Точно также материальны, вещественны и слова, которыми служится это таинство. Их словесная плоть состоит из должным образом упорядоченных сигналов, которые несут свои «извещения», порождая или пробуждая в нас смыслы, образы, сопереживания. Знаки или звуки, из коих состоит наша речь, мгновенно отпирают дверцы языковой памяти, чьи хранилища доступны для всех носителей или держателей языка. Память можно представить себе в виде клавишей, которых касаются звуковые «персты», заряженные смыслом; при нажатии они откликаются, мы узнаем смысловой ряд, соединенный со звучащей материей, и такое узнавание означает понимание. Все знают: едва лишь материальный инструмент памяти приходит в негодность от изношенности или каких-либо повреждений, и клавиши перестают мгновенно реагировать на быстрые удары звуков, тотчас теряется контакт с реальностью вне нас. Но и то не секрет, что когда освоенная, сросшаяся с нами языковая реальность не полностью отликается звуковым и смысловым сигналам, поступающим извне, понимание становится ущербным, идет ли речь об иностранном языке, который мы недоучили, или только об иносказании, коему не всегда откликается запас «сказаний», заложенный в нас родным языком. Мы понимаем текст, потому что его смысловые матрицы заложены в нас с детства, с того момента, как они пробудили наше сознание, потому что пробуждение мысли связано с речью.
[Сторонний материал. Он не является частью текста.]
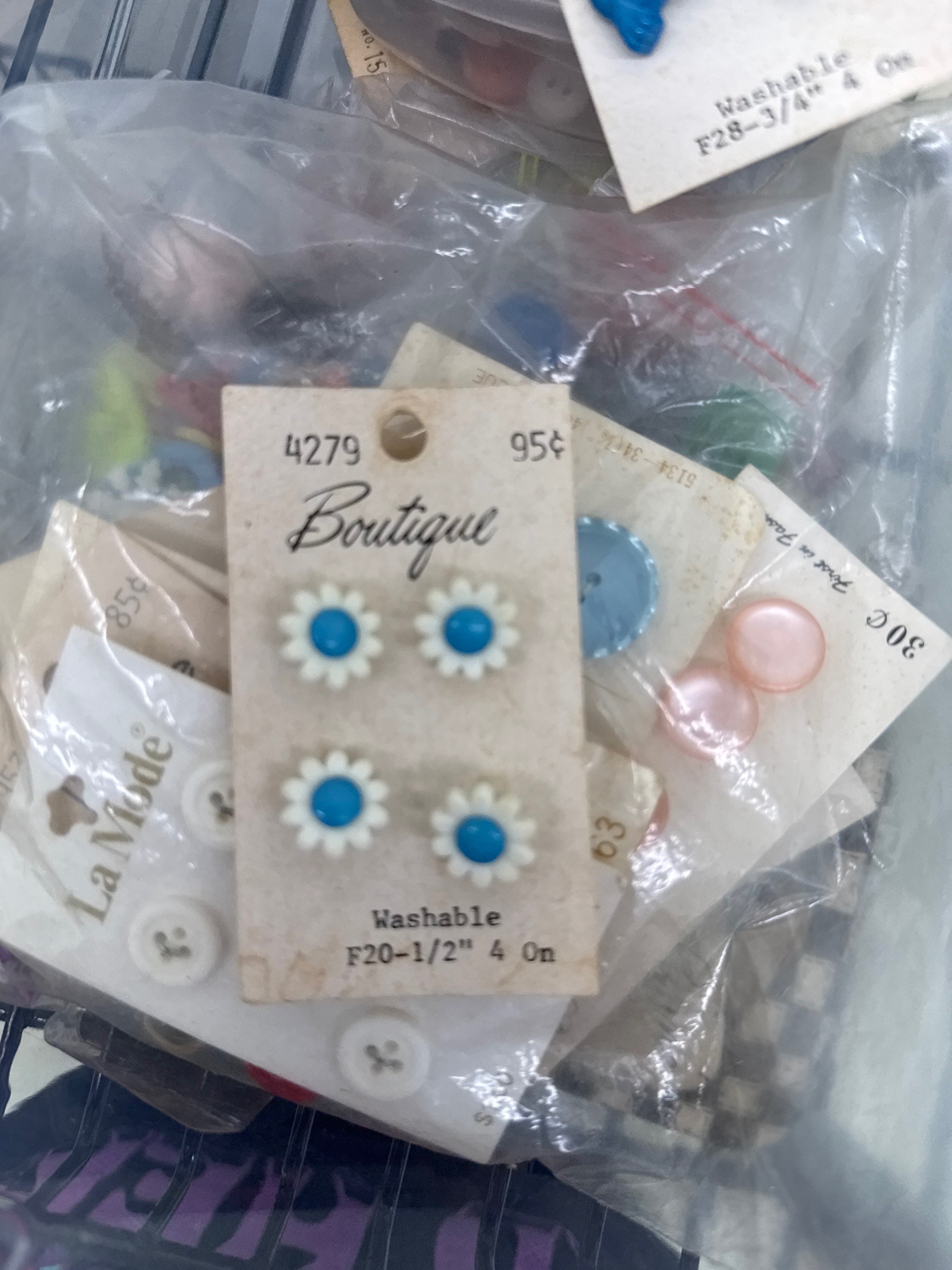 Submitted photo of Vintage Boutique daisy buttons on original card (unauthenticated)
Когда мы говорим о Евхаристии или иных таинствах, мы знаем, что их речевая плоть несет в себе то, что невместимо: дар Духа Святого. И Слово стало плотию и обитало с нами, полное благодати и истины. Его обитание или со-бытиé с нами продолжается и поныне, и на таком со-обитании основано благодатное бытие Церкви, той Церкви, которой не могут одолеть адовы врата. Таинство Церкви состоит в том, что Слово Божие соединяется в ней со словом человеческим, которое обладает своей телесностью.
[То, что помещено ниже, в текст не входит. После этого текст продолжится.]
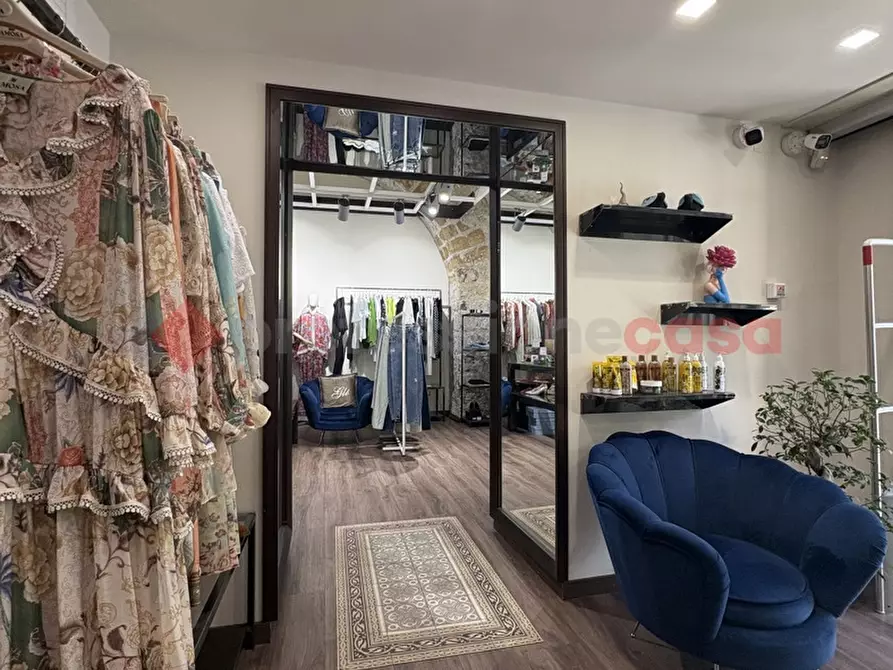Immagine 13 di Attività commerciale in vendita  in Via ROMA, 113 a Terracina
Дух Святой, когда мы призываем Его, приходит и вселяется в то, что мы приносим Богу: хлеб и вино, покаяние, брак, воду крещения, елей, молитву, но также и сердце, из которого она исходит. Сосудами Духа служат слова; касаясь их, Дух освящает их вещество как видимое, так и невидимое, телесное и неосязамое. Их фонетическая и лексическая материя обретает святость, которую сообщает ей присутствие Духа Святого. Мы общаемся друг с другом и, общаясь, утверждаем или учреждаем свое существование в мире именно потому, что мы говорим, узнаем, помним. Благодаря тем же способностям – говорить, узнавать, помнить — мы общаемся и с Богом или, по крайней мере, можем быть доступны для такого общения.
А что Он пребывает в нас, узнаем по духу, который Он дал нам, — говорит Иоанн Богослов (1 Ин 3,24).
Мы связаны с Богом речью исповедания, узнаванием Его любящего или судящего присутствия и сложением в сердце этих встреч. Мы ничего не могли бы сказать о Боге, если бы не обладали памятью о личных или донесенных Преданием встречах с Ним. Ибо верующая память не столько индивидуальна, сколько общинна и исторична. Там, где воспоминание ограничивается лишь личным опытом, оно говорит лишь о Боге, не выходящем за пределы неуловимого чувства и остающемся немым, запертым в клетке замкнутой в себе субъективности. Бог освобождается из заключения в субъекте и выходит на простор веры, облекаясь в общезначимую речь традиции. Опытом невыразимого, где-то сокрытого Бога обладает каждый человек, но Он лишь тогда обретает Свою неоспоримость, наглядность, открытость, когда входит в «вещность» церковной общины, наделенной общей памятью, вероучением, обрядами, языком.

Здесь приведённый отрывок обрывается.